I like this writeup as it summarizes my journey with optimizing some cuda code I...

otherjason · on Oct 11, 2024

For devices with compute capability of 7.0 or greater (anything from the Volta series on), a single thread block can address up to the entire shared memory size of the SM; the 48 kB limit that older hardware had is no more. Most contemporary applications are going to be running on hardware that doesn’t have the shared memory limit you mentioned.

The claim at the end of your post, suggesting that >1 block per SM is always better than 1 block per SM, isn’t strictly true either. In the example you gave, you’re limited to 60 blocks because the thread count of each block is too high. You could, for example, cut the blocks in half to yield 120 blocks. But each block has half as many threads in it, so you don’t automatically get any occupancy benefit by doing so.

When planning out the geometry of a CUDA thread grid, there are inherent tradeoffs between SM thread and/or warp scheduler limits, shared memory usage, register usage, and overall SM count, and those tradeoffs can be counterintuitive if you follow (admittedly, NVIDIA’s official) guidance that maximizing the thread count leads to optimal performance.

dahart · on Oct 11, 2024

Good points, though I agree with sibling that higher occupancy is not the goal; higher performance is the goal. Since registers are such a precious resource, you often want to set your block size and occupancy to whatever is best for keeping active state in registers.
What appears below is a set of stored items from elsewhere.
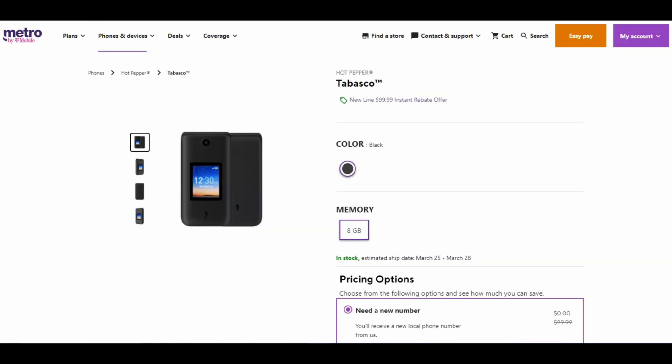If you're looking to get an interesting phone on Metro, the Hot Pepper Tabasco is worth checking out. It does have a great name. I think this runs KaiOS, so you might get some smartphone features, but don't expect a whole lot. If you're looking for a backup phone, the Hot Pepper Tabasco could be one to check out. It has a great name, and it's free with port-in.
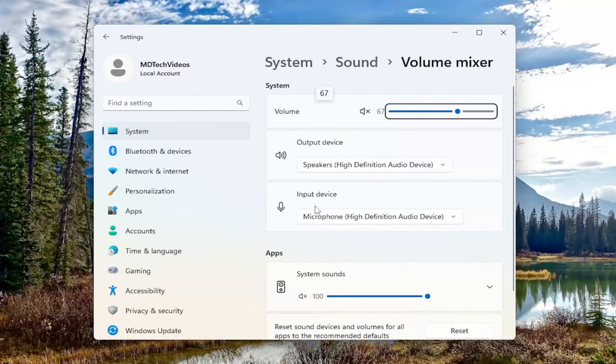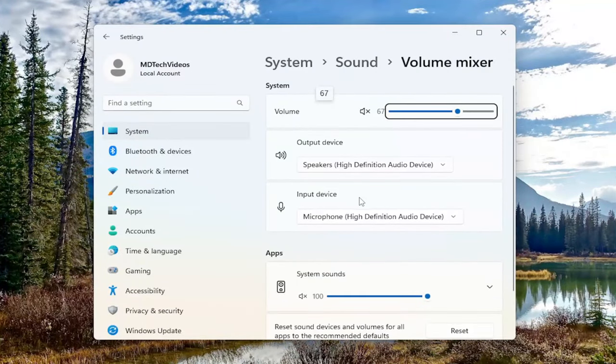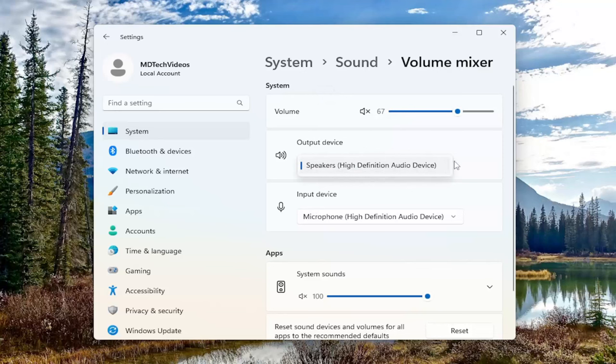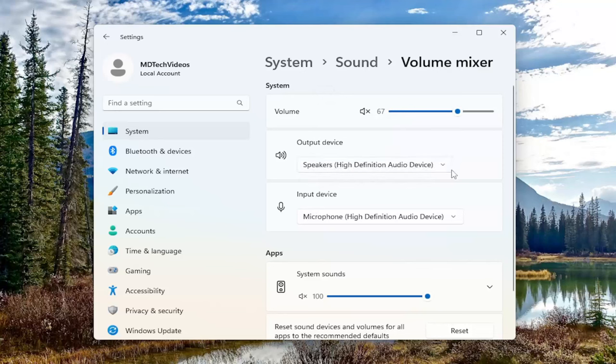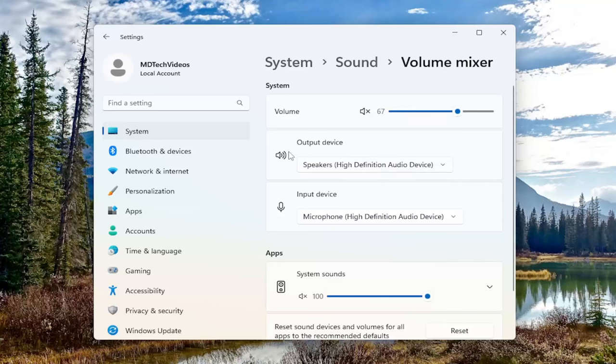You'll see output and input devices listed in here. For output that's going to be what you hear. Input is like a microphone device. Click on the drop-down here if you have multiple devices connected to your computer and you can adjust which one you want to be an output device through your speakers and which one you want to be an input device.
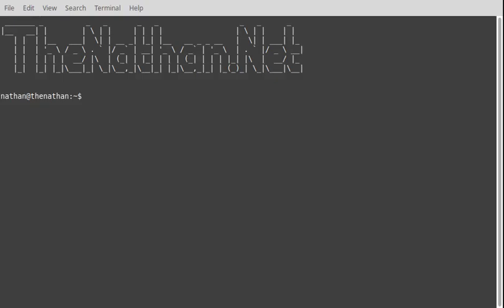In Linux, everything is a file. Say what? Welcome to TheNathan.net.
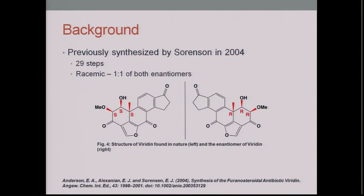Sorensen in 2004 previously synthesized viridin, but required 29 steps and yielded a racemic mixture — a one-to-one ratio of both enantiomers. Enantiomers are molecules that are mirror images of each other but non-superposable, like our hands. Racemic mixtures are typically very difficult and expensive to separate, which is why our lab sought a better approach.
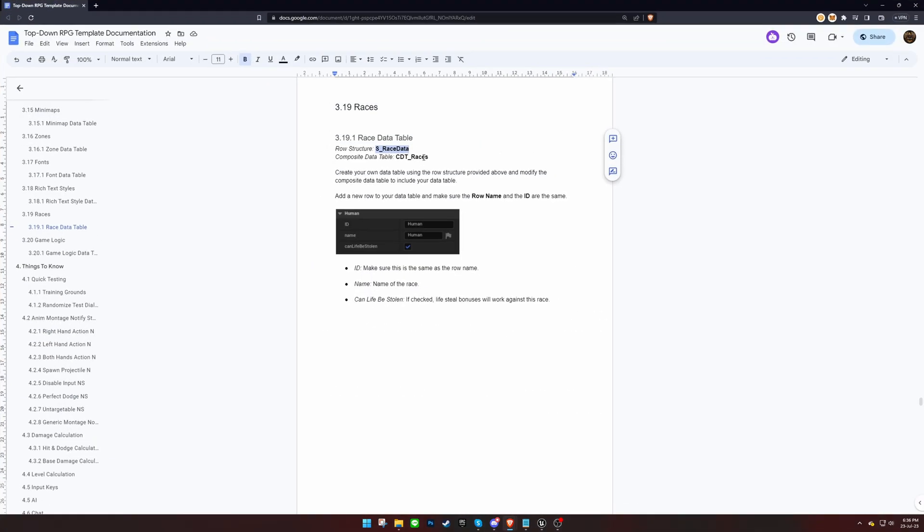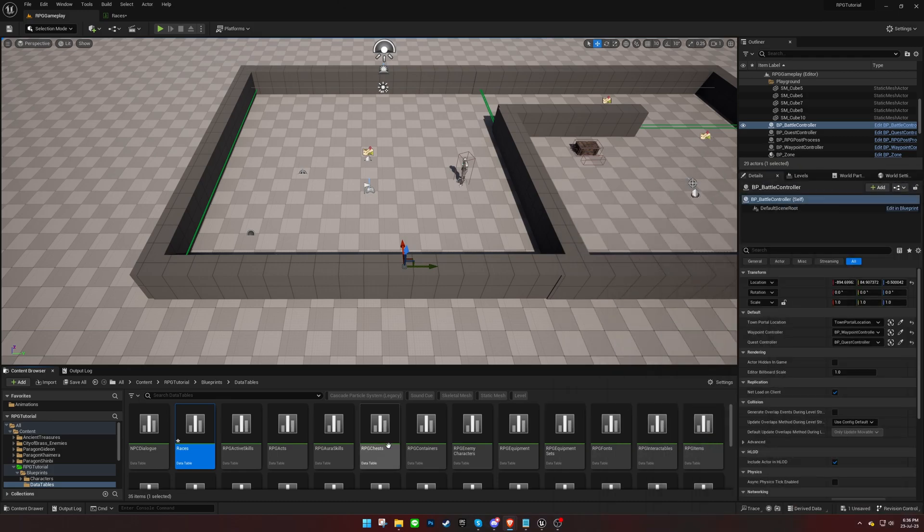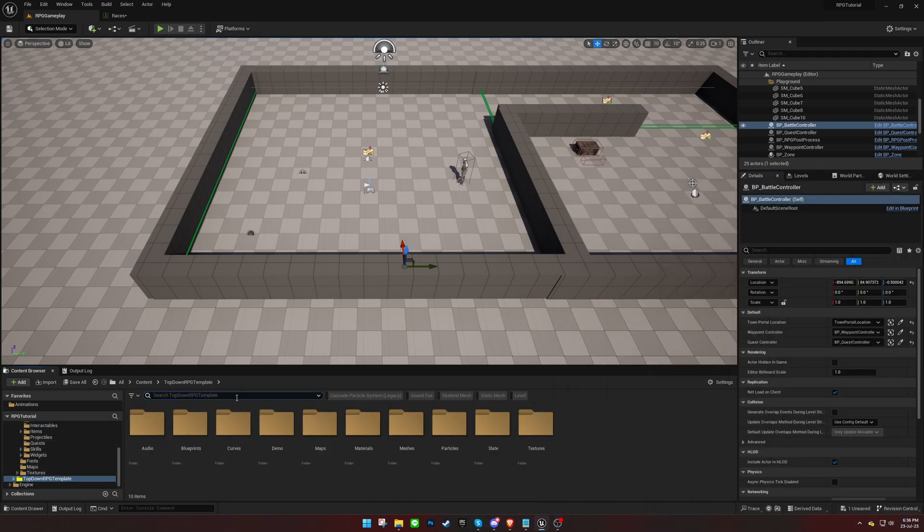After that, we should replace the existing data table in the corresponding composite data table with our newly created one.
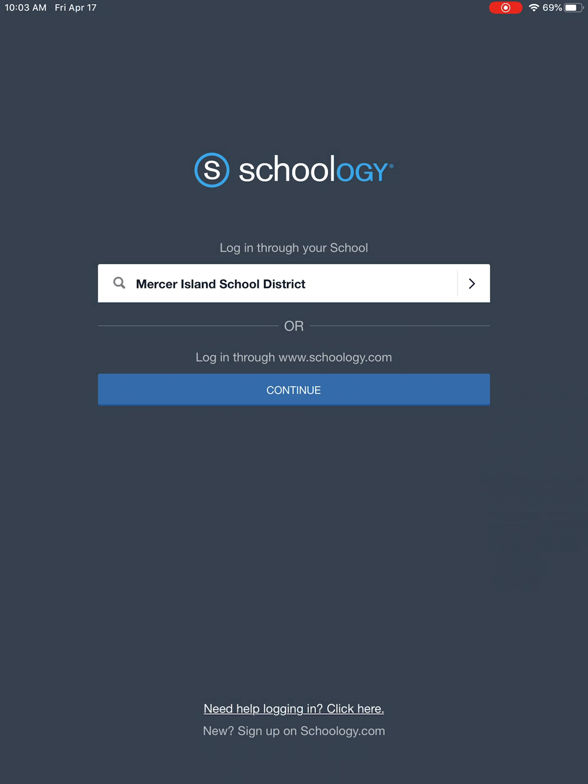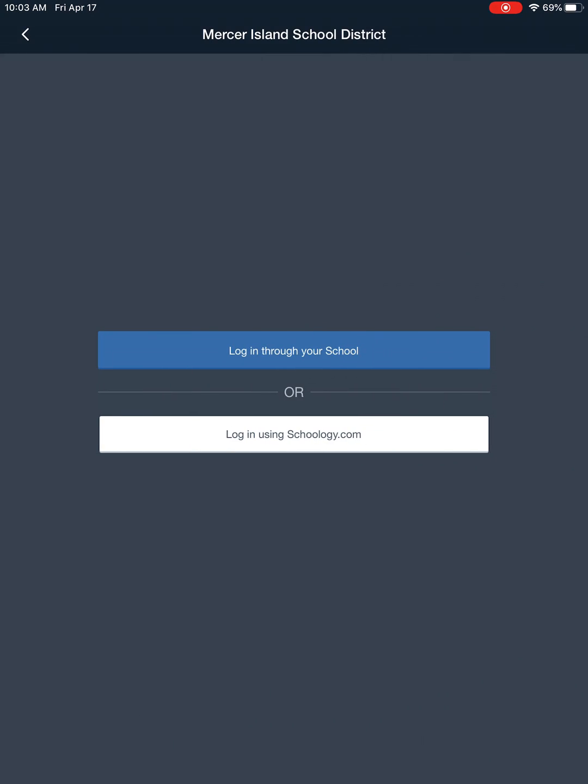If you have to search for your school district, you may have to do that first, but once MISD comes up you'll go ahead and click that and then again login through your school.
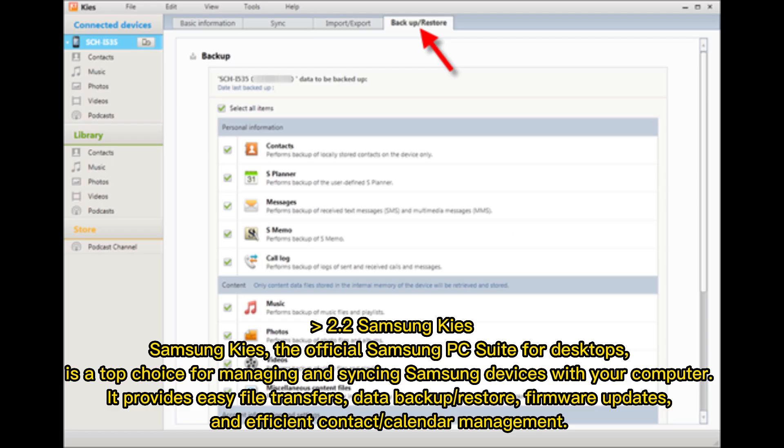2.2 Samsung Kies. Samsung Kies, the official Samsung PC suite for desktops, is a top choice for managing and syncing Samsung devices with your computer. It provides easy file transfers, data backup or restore, firmware updates, and efficient contact or calendar management.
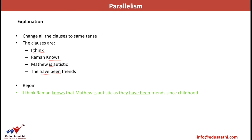As we see here, the structure includes the concept of tenses as well. In the first example, we discussed how the form of the verb determines the structure of the sentence. Here we see that the tense used also determines the structure of the sentence.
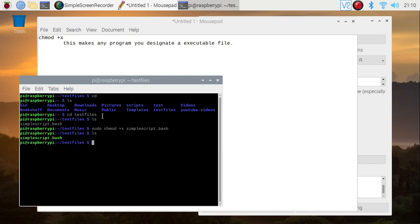Ls. Now you see how it turned from white text to green text. Green text means it's executable. White text means it's just a file. Basically, it doesn't have no permissions, it doesn't have anything.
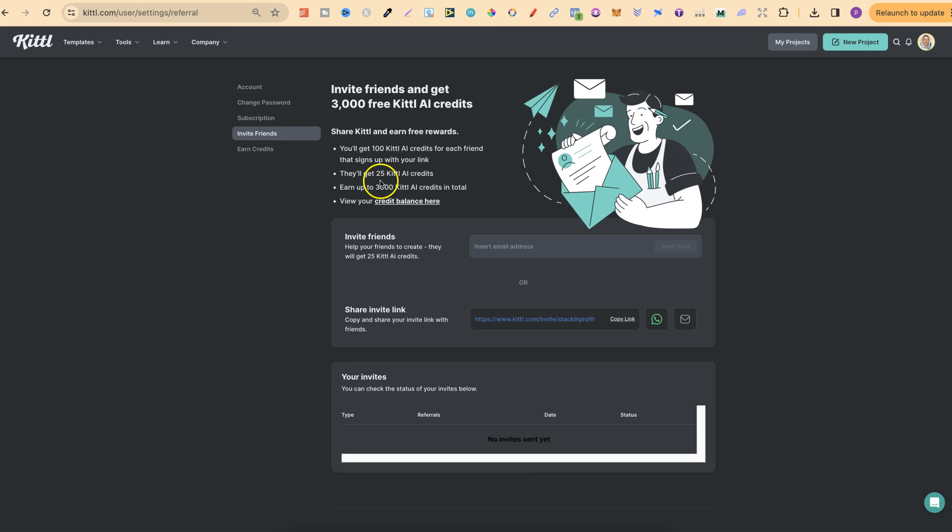And you can earn up to 3,000. So, if you know anyone who uses design software like Canva and many more, what you can do is invite them and share your link with them for them to sign up.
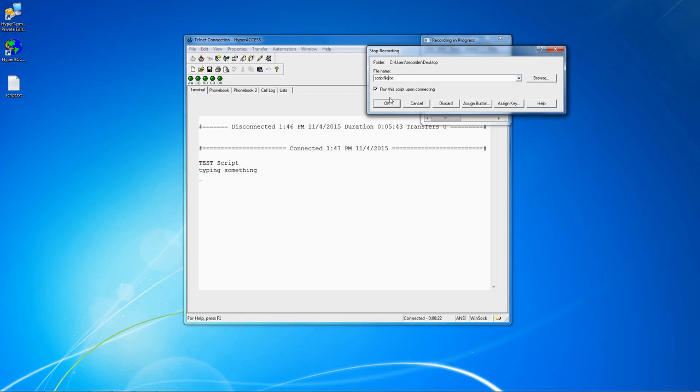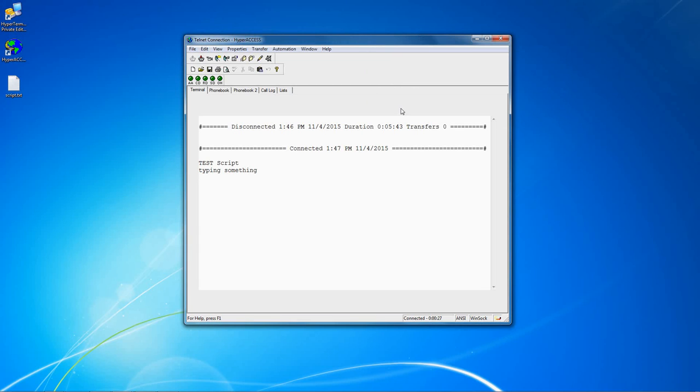You can also assign the script to a button or key on this screen. Click OK to save your script file.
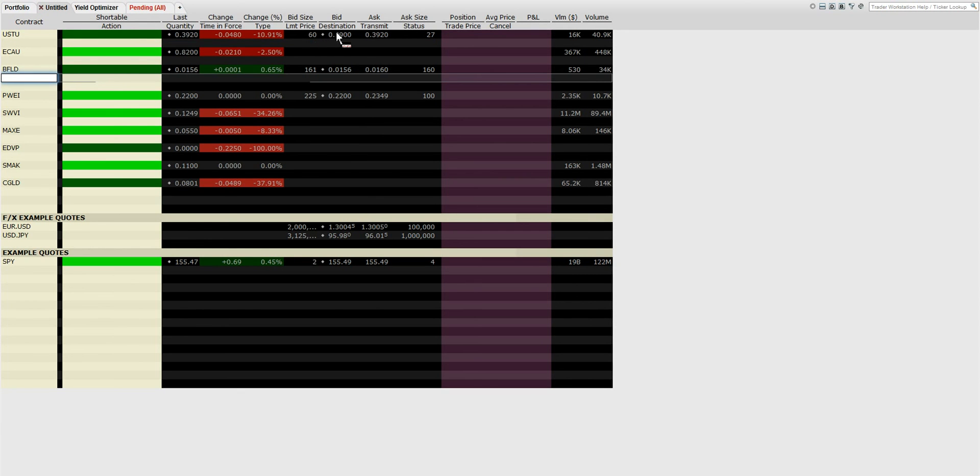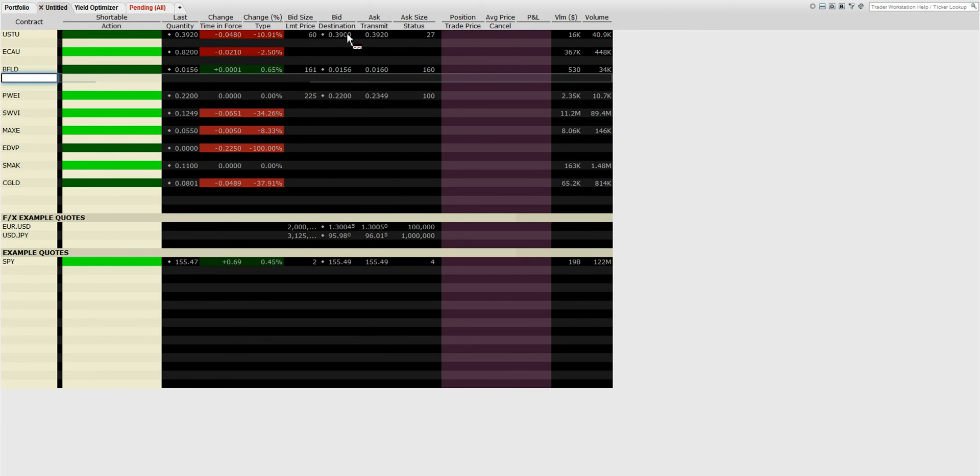You would put an order in here and it would be searching for borrows, or you could wait until it turned lime green during the day and put a new order right at the bid and try to get filled as quick as possible.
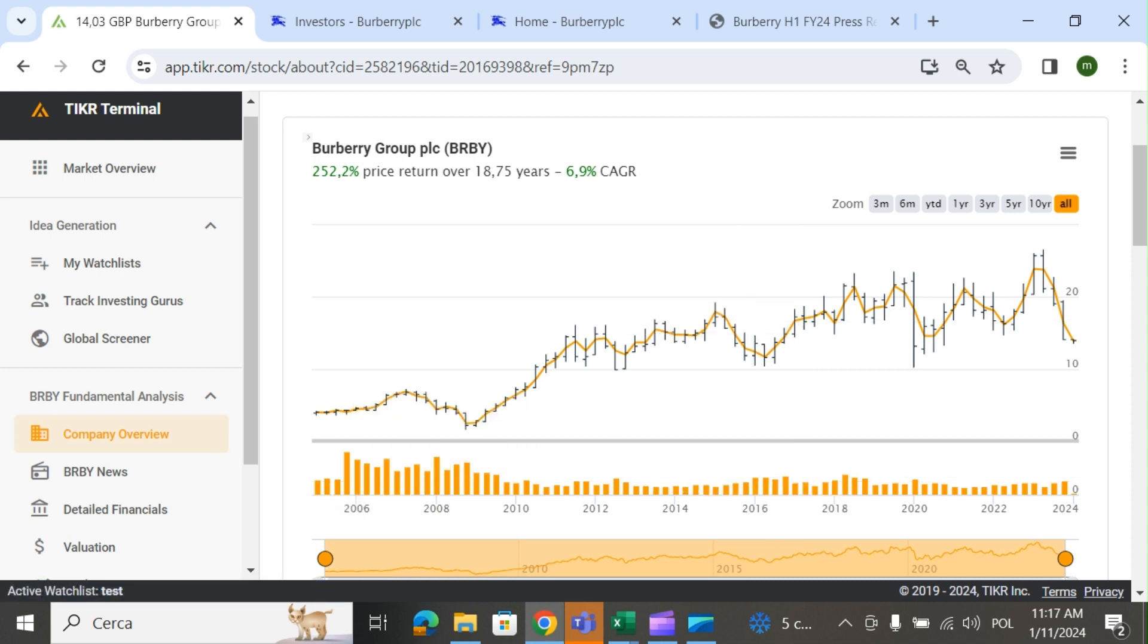Let me know in the comments what you think about the stock. If you like the video, click the like button and subscribe to the channel. Bye.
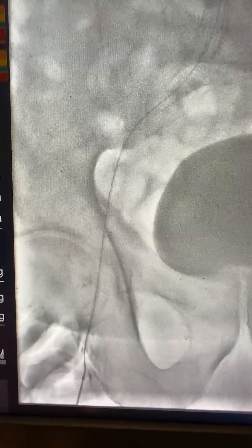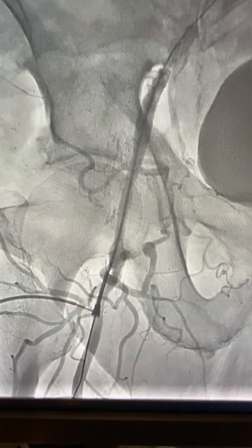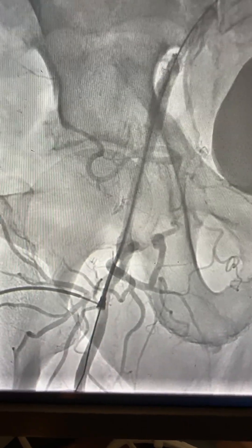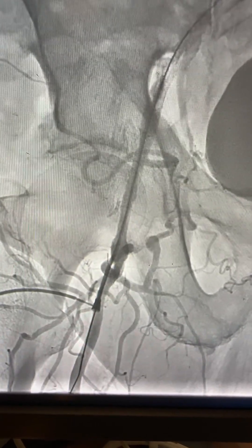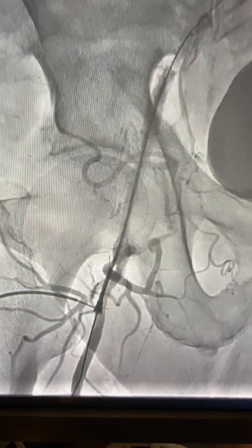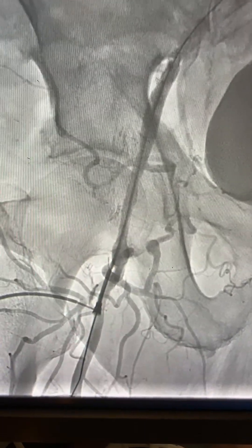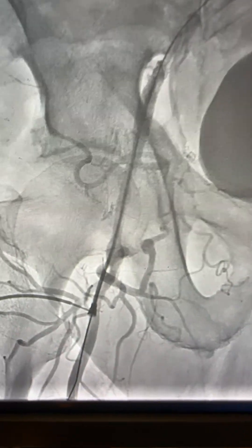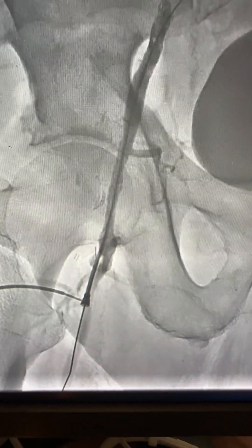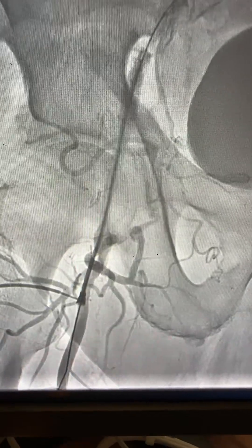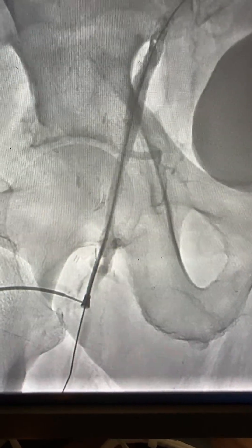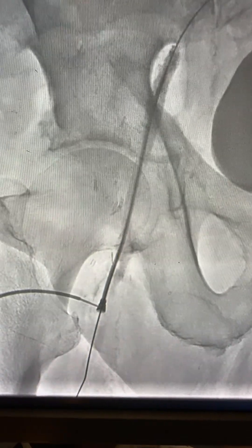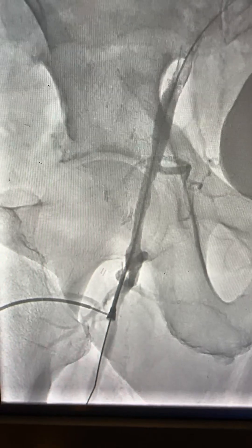Now you can see we have flow in the vessel. We have not placed a stent. At this point, you can either take the sheath out and apply pressure, or use a MINKS closure device. Thank you, and I hope you enjoy this case.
If you push the occupancy higher, then the compiler might be forced to spill registers to VRAM, that that will just slow everything down even though the occupancy goes up.

Another thing to maybe mention, re: “if your GPU has 60 SMs, and each block uses one SM, you can only run 60 blocks in parallel”… CUDA tends to want to have at least 3 or 4 blocks per SM so it can round-robin them as soon as one stalls on a memory load or sync or something else. You might only make forward progress on 60 separate blocks in any given cycle, but it’s quite important that you have like, for example, 240 blocks running in “parallel”, so you can benefit from latency hiding. This is where a lot of additional performance comes from, doing work on one block while another is momentarily stuck.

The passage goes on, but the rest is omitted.